Hey guys, it's been a long time since I've posted on here. Some of you may watch me on my YouTube channel Mallard 5 Farmhouse. I recently had a viewer express concerns over the "cheaper" brands not starting up in the cold weather. In this video I demonstrate how my LS tractor starts in the cold. 

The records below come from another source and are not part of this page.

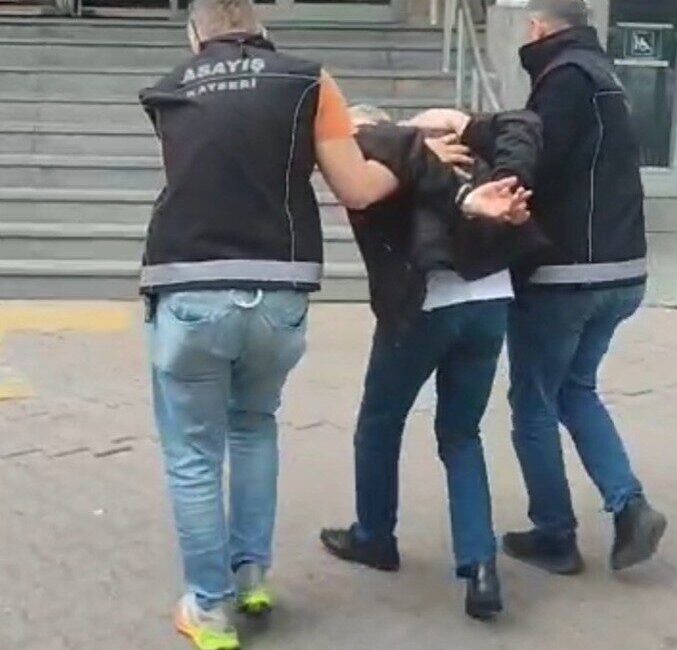 Kayseri İl Emniyet Müdürlüğü ekiplerince yapılan çalışmalarda hakkında ’silahla yağma’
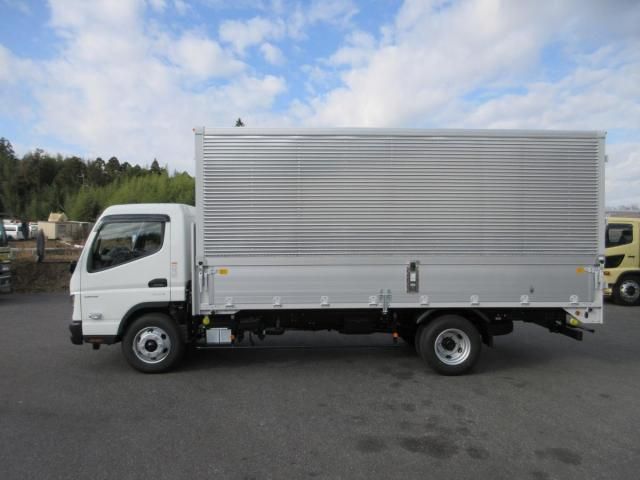 MITSUBISHI CANTER 2025 Image 31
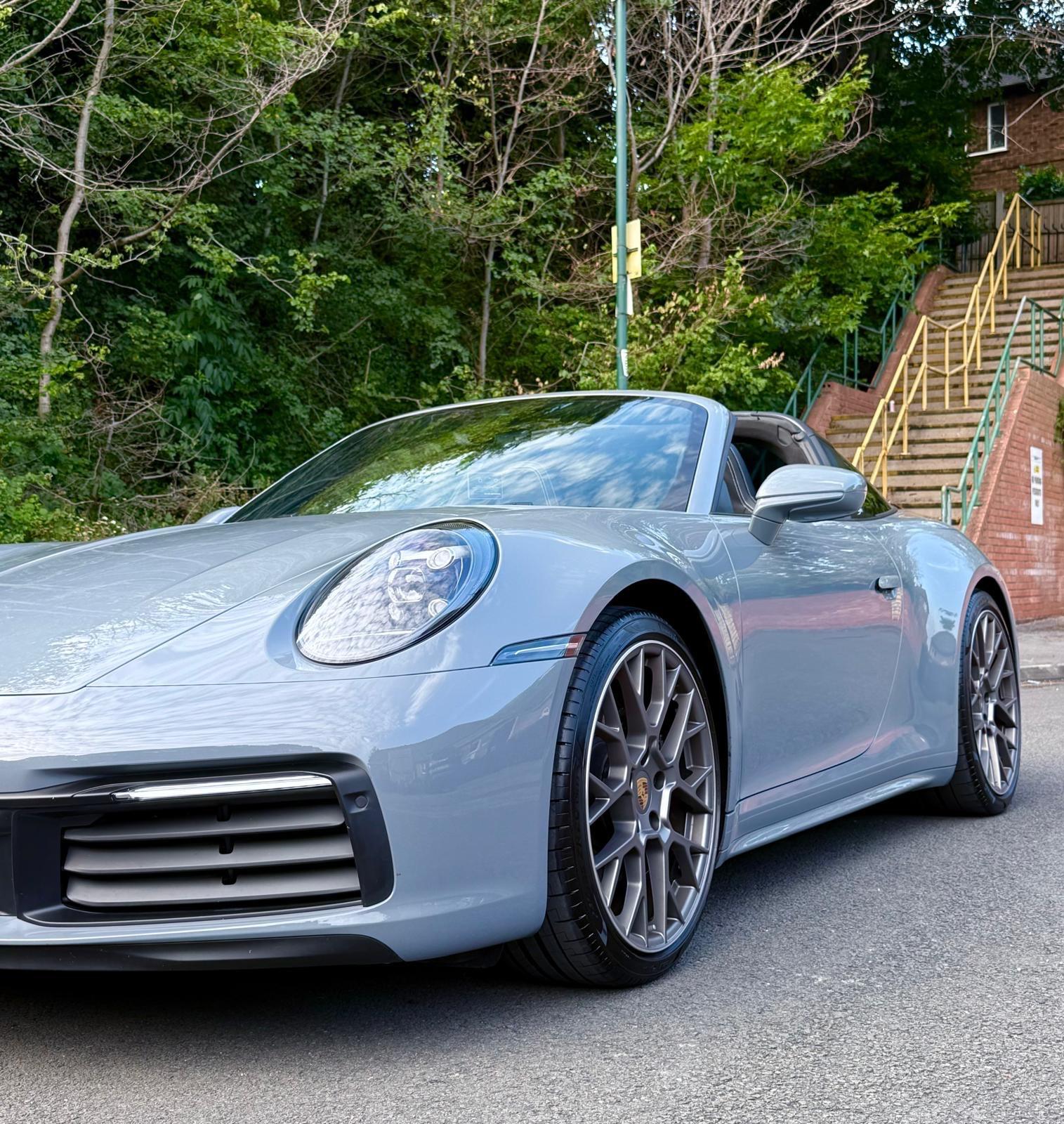 Porsche 911 view 54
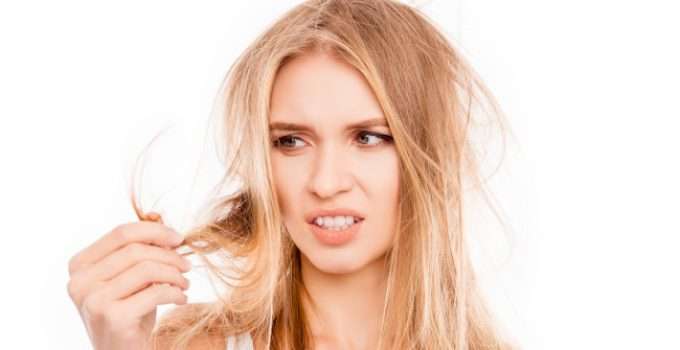 mujer mira su pelo naranja y quiere arreglarlo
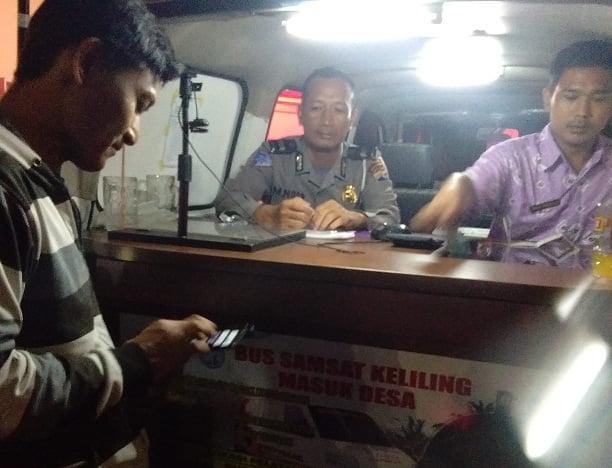 Gelar Layanan Samsat Malam Hari di Pemalang, Warga Senang 5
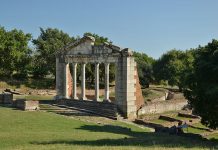 Shifrat/ Fluks turistësh në Parkun Kombëtar Arkeologjik të Apolonisë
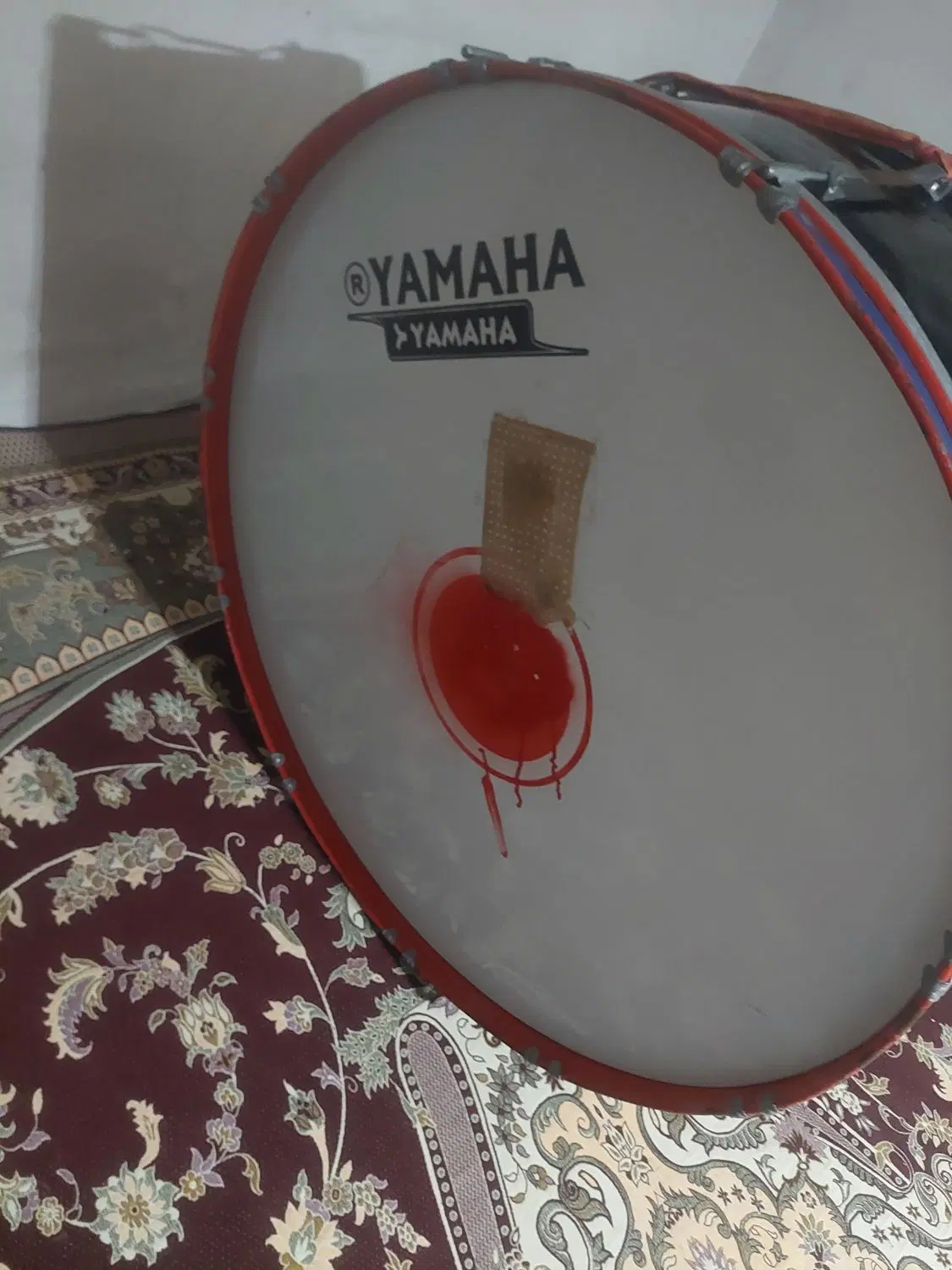 طبل|درام و پرکاشن|خوی, |دیوار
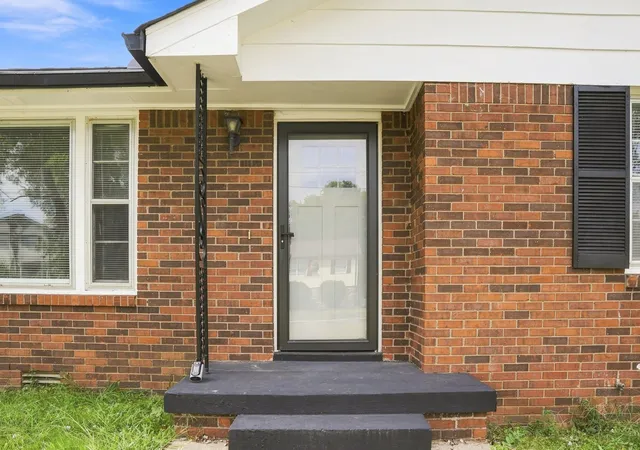 Photo 4 of Single family home for sale at 736 Roman Dr, Nashville, TN 37207 | MLS# 3531250 | Listing updated on 2026-09-13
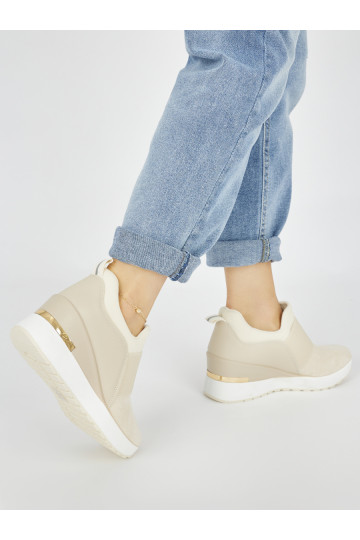 Světle béžové dámské sneakersy na klínku 2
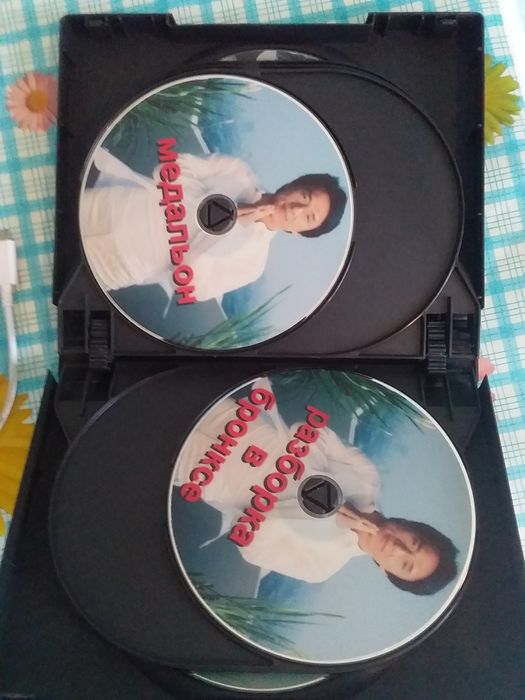 Джеки Чан DVD диски 10 штук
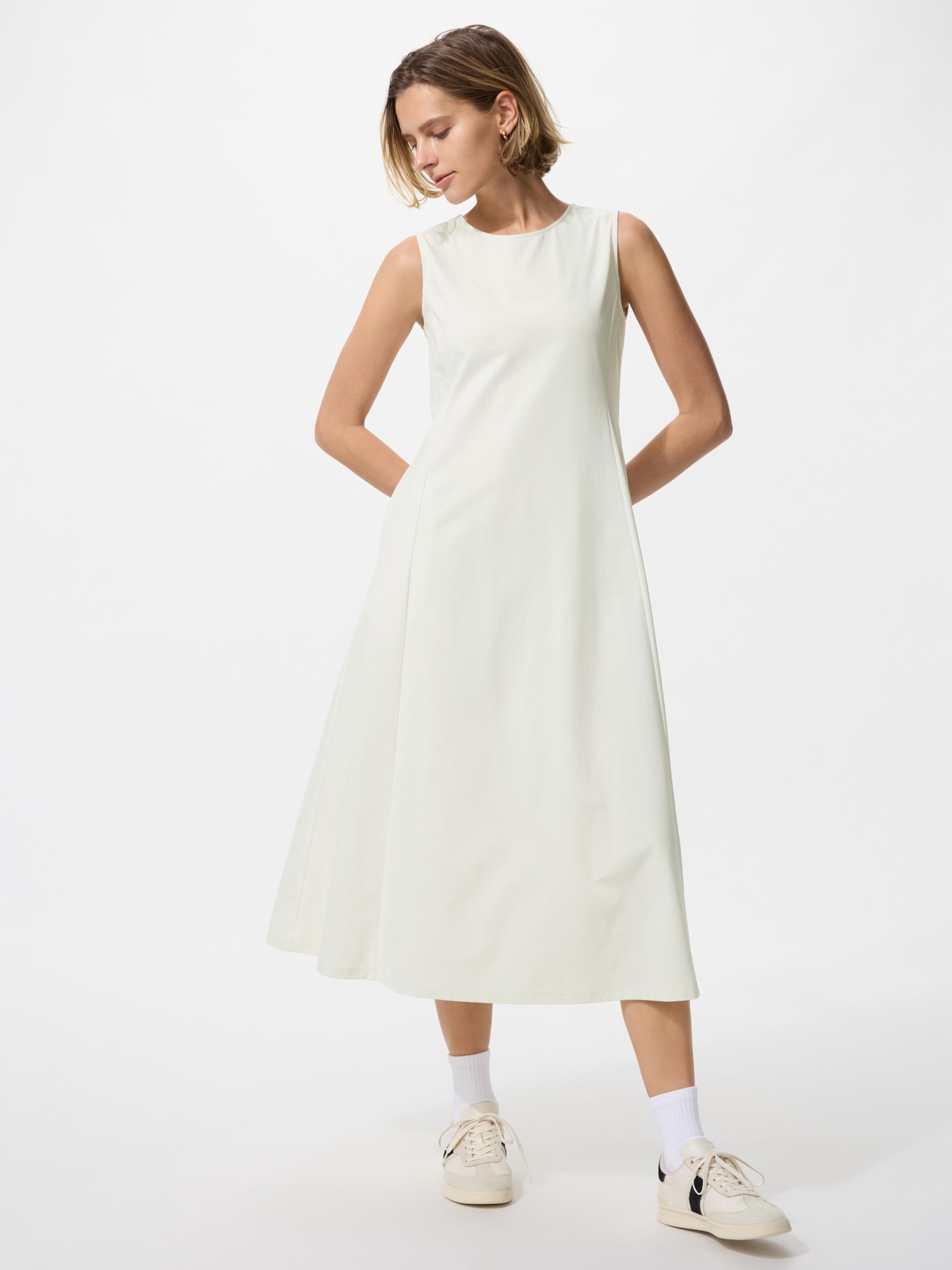 UNIQLO Women's Ultra Stretch AIRism Dress, Off White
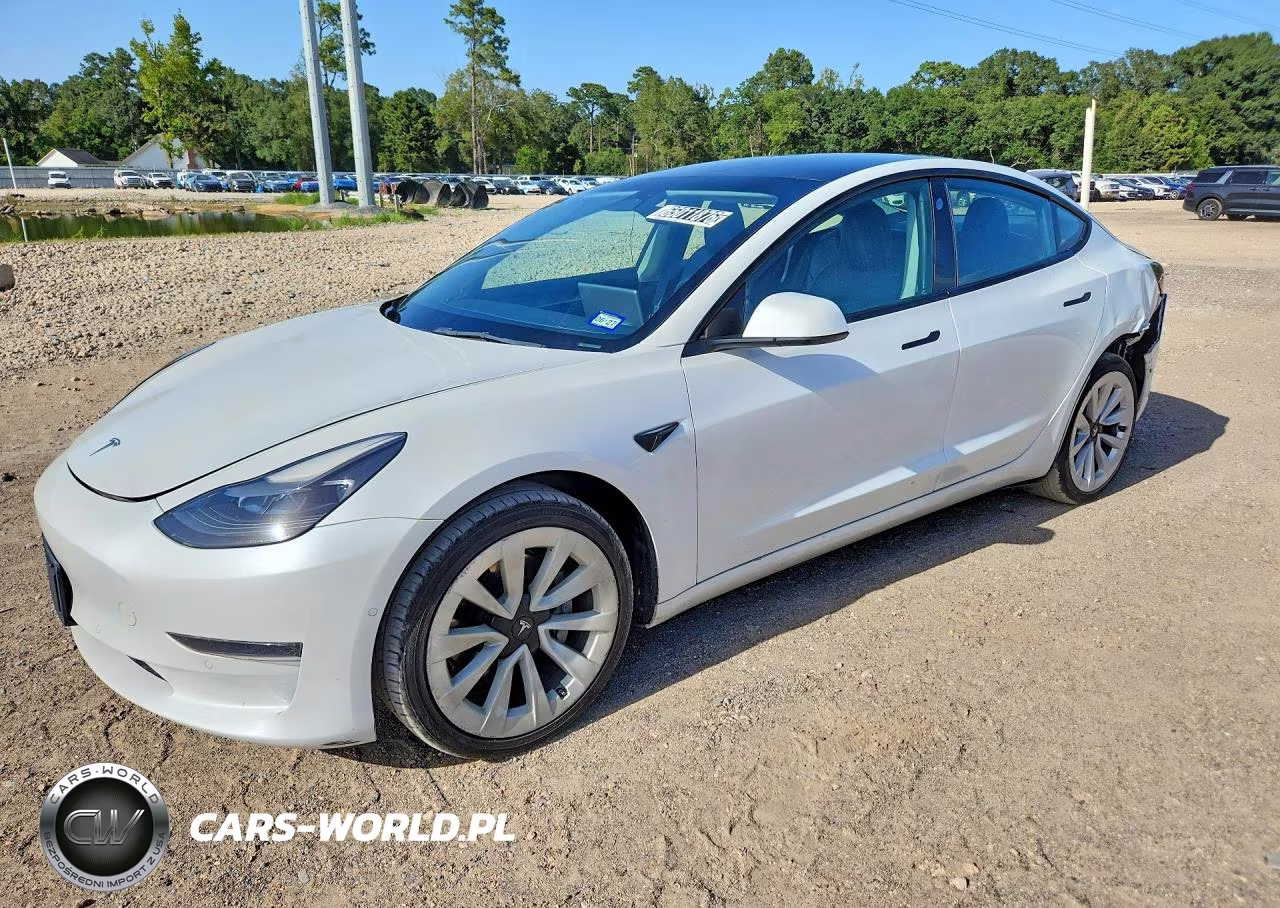 2022 Tesla Model 3 – zdjęcie 1 z 12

Sent from my SM-S727VL using Tractor Forum mobile app


----------



## marc_hanna (Apr 10, 2017)

No problem with my Kioti. 

Even the so-called cheap brands are using Daedong, Kubota, Perkins and Yanmar engines. Why should they be any more difficult to start when they’re in a ‘cheap’ brand tractor versus an expensive brand?


----------



## dr clean (Jul 9, 2020)

I have a LS 4045,,,the worst buy I ever made. it is a cab tractor and the air just went out for the 3rd time...I called another dealer other than where I bought this one and he told me they have replaced 39 compressors this year. this it the 4th one for this machine counting the original. at 50 hours the transmission locked and it took 2 months to fix,,,then a start problem...another 4 weeks. they said they had to reprogram it..worst buy ever.


----------



## pogobill (Jan 31, 2012)

Sorry for your issues. Maybe it's time to trade it in, cut your losses and move on.


----------